Criminal Procedure • Audio Forensics • Digital Evidence • Data Analysis
I use GitHub as a learning laboratory and a platform for transparent, reproducible technical-legal research.


👋 About Me

I work across the intersection of:

  • criminal procedure and evidence law,
  • audio forensics (diarization, transcription, signal analysis),
  • digital evidence engineering and chain-of-custody reconstruction,
  • technical building assessments (heating systems, thermal audits, documentation).

My repositories document how law, technology, measurement, and methodical reasoning can be integrated into reproducible workflows.

GitHub allows me to:

  • experiment with tools such as Python, Whisper, pyannote, ffmpeg,
  • build full evidence repositories for real cases (e.g., II K 70/24),
  • teach others how technical and legal inquiry complement one another.

🎓 GitHub Education – How I Use It

Within GitHub Education and the Student Developer Pack, I focus on:

  • building open case studies for students of law, forensics, and data science,
  • creating step-by-step pipelines for evidence analysis:
    • audio preprocessing,
    • diarization and transcription,
    • timing consistency checks,
    • comparison between courtroom recordings and official transcripts,
  • documenting research-ready, reproducible workflows.

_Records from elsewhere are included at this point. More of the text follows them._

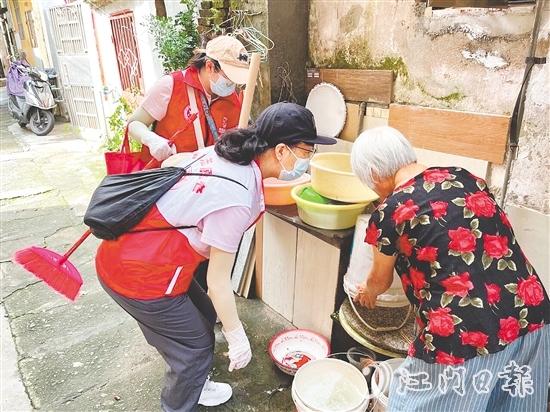 臺山市婦聯(lián)黨員干部下沉社區(qū)，開展“兩清一滅”行動。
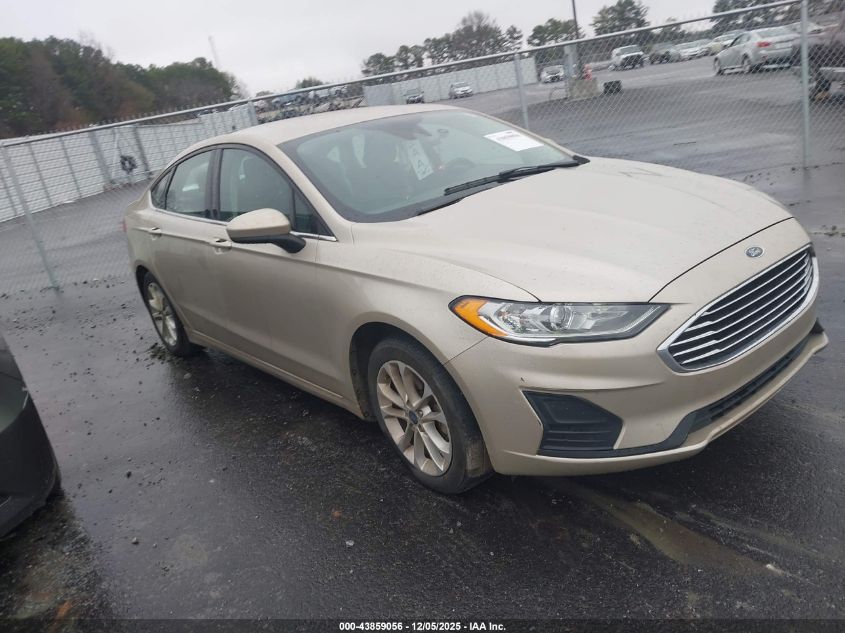 FORD FUSION SE
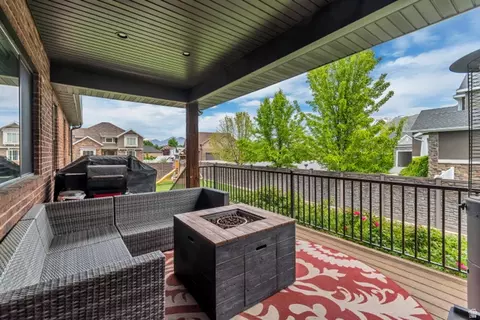 Exterior - 151 S 650 E, Salem, UT 84653 photo 4 of 7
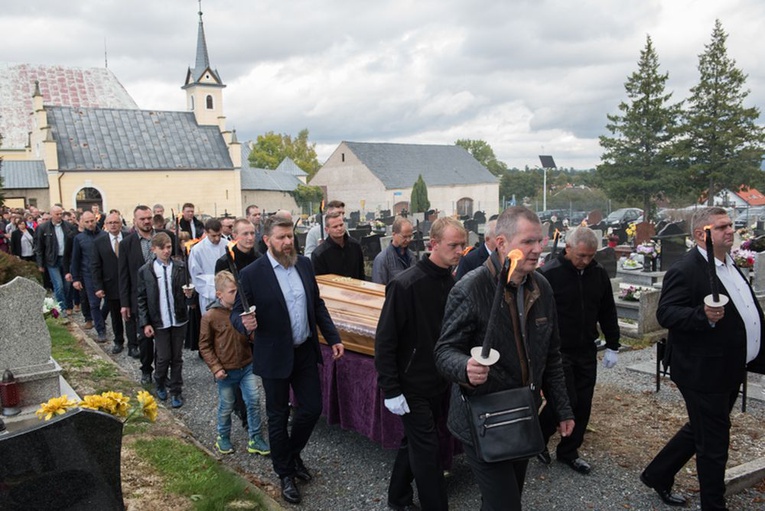 Uroczystości pogrzebowe o. Andrzeja Smołki SSCC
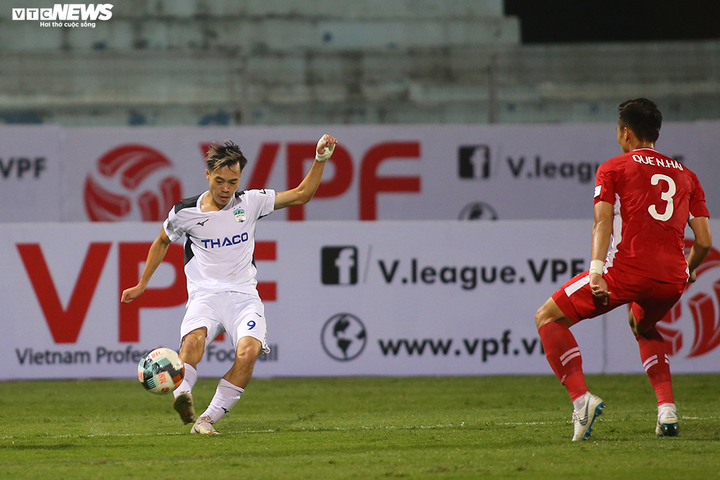 Văn Toàn bứt tốc 'xé gió', Bùi Tiến Dũng, Quế Ngọc Hải vất vả theo sau - 6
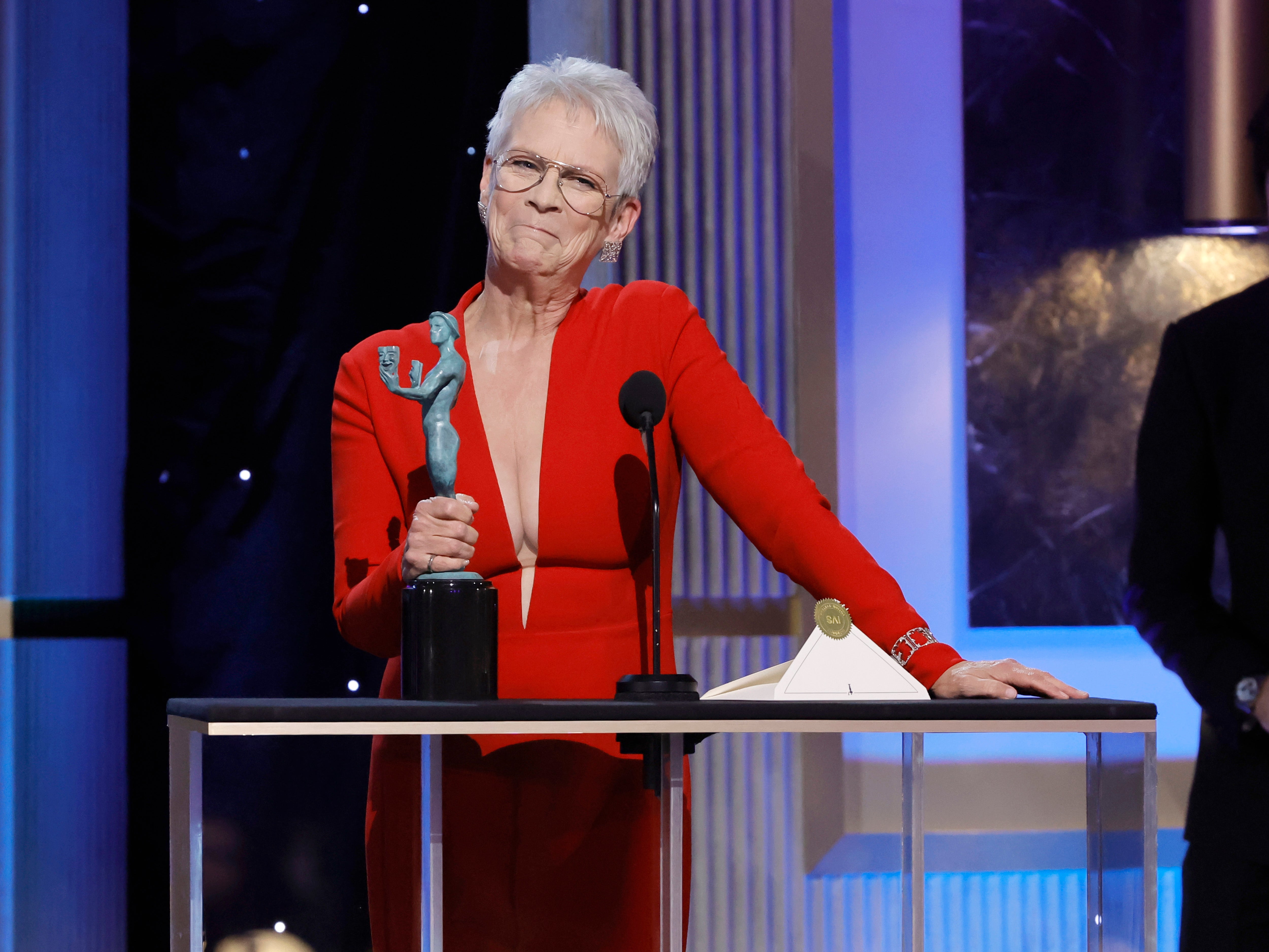 absolutte fure Ved lov Jamie Lee Curtis cites nepo baby status during SAG Awards speech | The  Independent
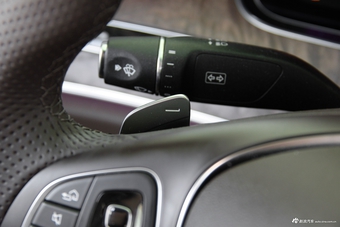 2017款奔驰E级3.0T自动 320 L 4MATIC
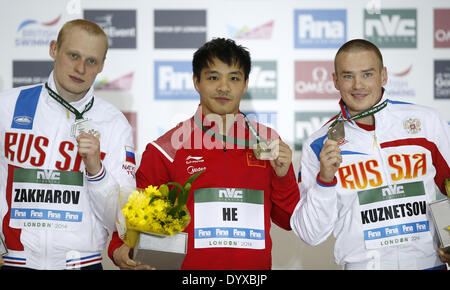 Londra, Regno Unito. 26 apr 2014. Egli Chong della Cina pone con la Russia Ilya Zakharov(L) e Evgeny Kuznetsov sul podio durante la cerimonia di premiazione per Uomini 3m Springboard di Fina/cnv Diving World Series 2014 presso il London Aquatics Centre di Londra, UK, 26 aprile 2014. Egli ha sostenuto il titolo con 559.00 punti. Ilya Zakharov e Evgeny Kuznetsov ha conquistato l'argento e il bronzo rispettivamente. Credito: Wang Lili/Xinhua/Alamy Live News Foto Stock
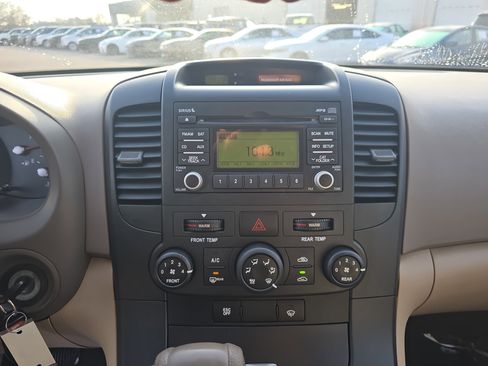 Used 2009 Kia Sedona LX image 24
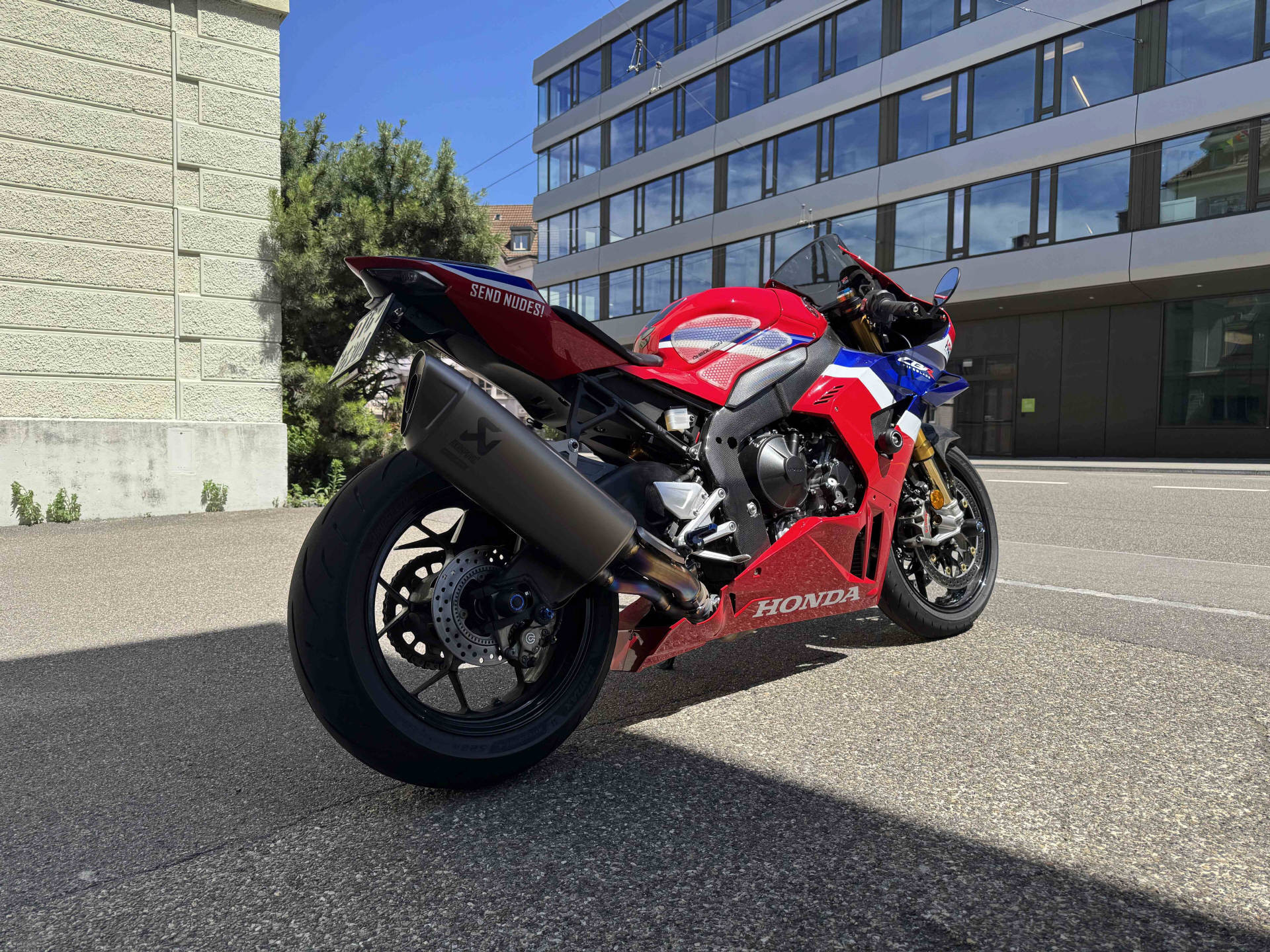 HONDA CBR 1000 RR-R Fireblade SP-showroom-element-2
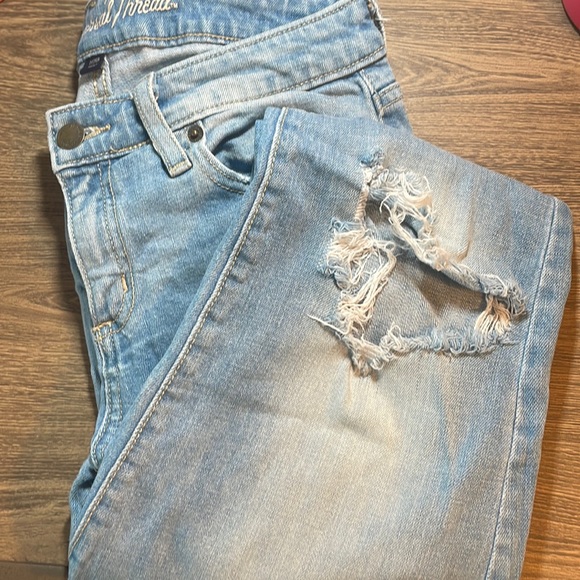 Universal Thread Jeans - Picture 2 of 2
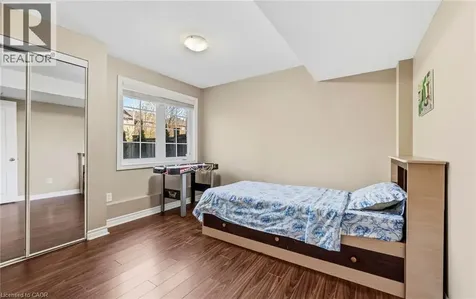 476 Nairn Circle Milton ON L9T 8A7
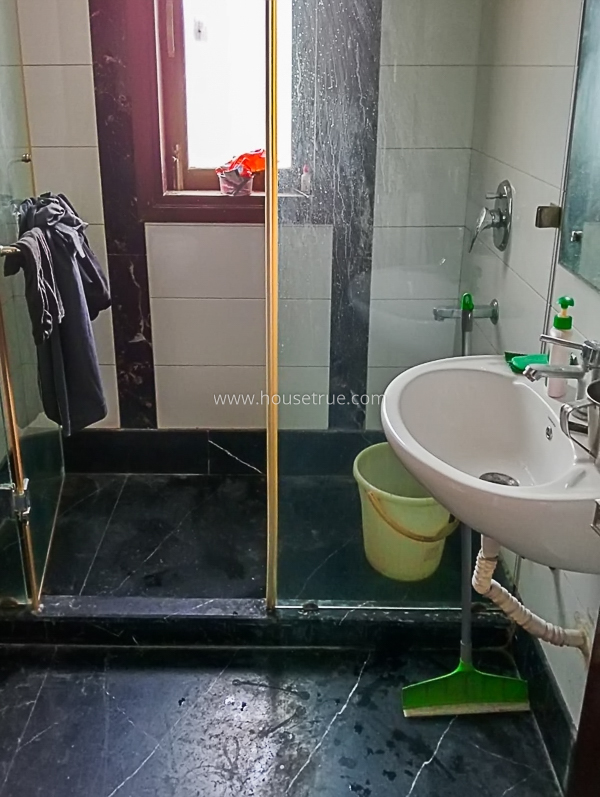 4 BHK Flat For Rent in Greater Kailash Enclave 1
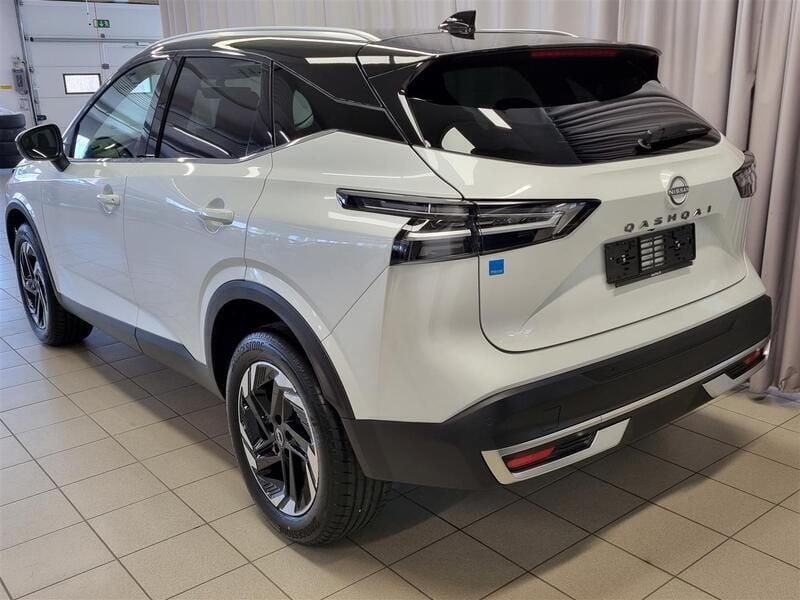 Uusi Nissan Qashqai N-Connecta 158 HP (116 kW) 2025 Katumaasturi
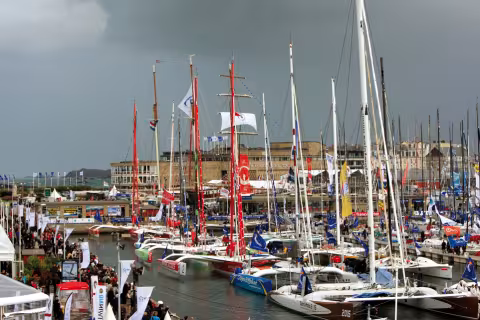 Comme chaque année, le bassin Vauban de Saint-Malo fera le plein de bateaux, mais aussi de spectateurs. Plus de 100 000 personnes assistent traditionnellement au départ.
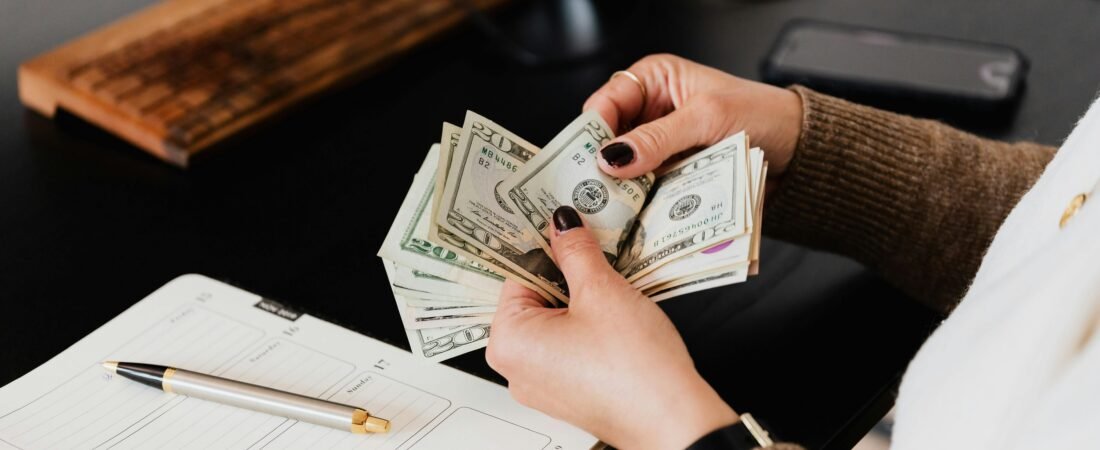 How to Create, Sell, and Profit from Digital Products and Earn with Affiliate Marketing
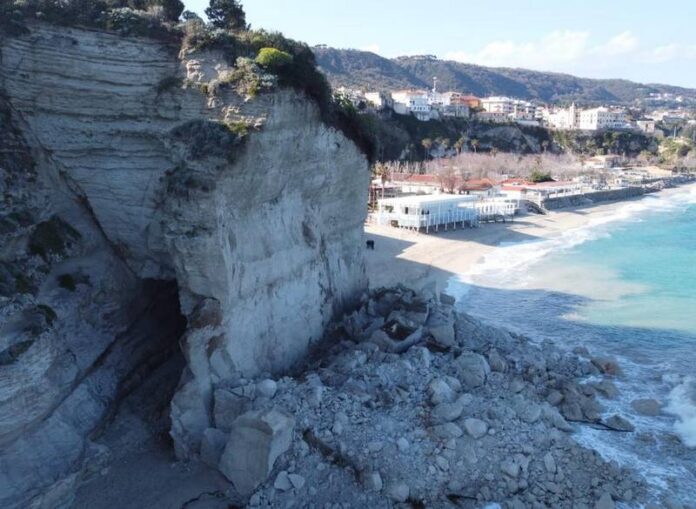 tropea crollo costone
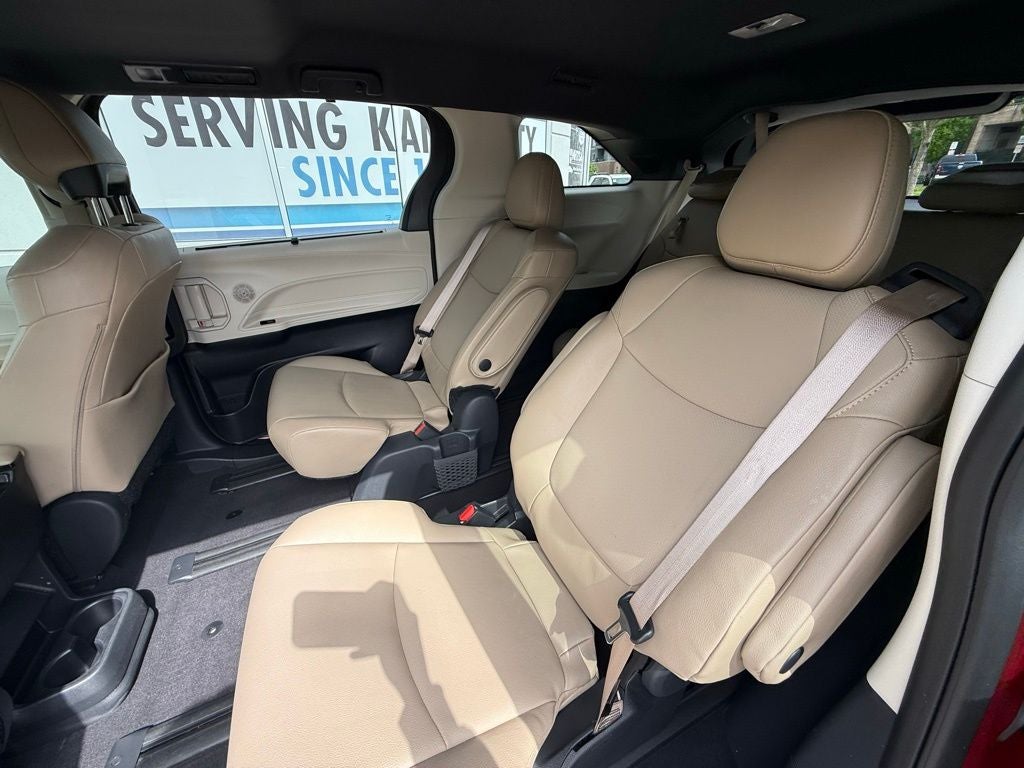 2024 Toyota Sienna XLE 7 Passenger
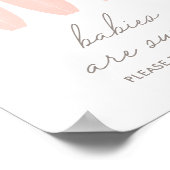 ベビーオンボードピンクサーフボードベビーは甘いサイン ポスター (角)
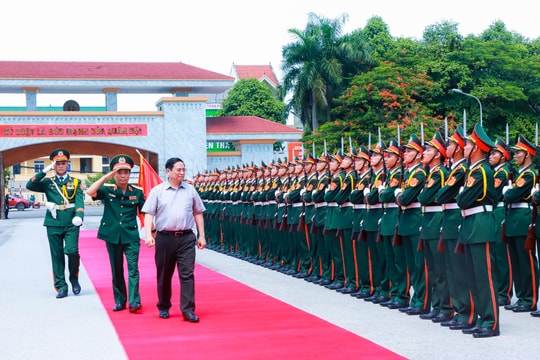 Thủ tướng Phạm Minh Chính thăm, làm việc tại Bộ Tư lệnh Quân khu 4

My repositories are designed so that anyone can:

  1. clone the project,
  2. follow the README instructions,
  3. reproduce the analysis with full transparency.

🔍 Current Learning & Research Areas

  • advanced diarization and speaker-tracking (pyannote),
  • forensic-grade signal analysis (formants, silence segmentation, artifact detection),
  • automated procedural reporting (Python → DOCX/PDF pipelines),
  • GitHub Actions for:
    • auto-updating statistics,
    • generating forensic summaries,
    • validating data integrity in multi-file repositories.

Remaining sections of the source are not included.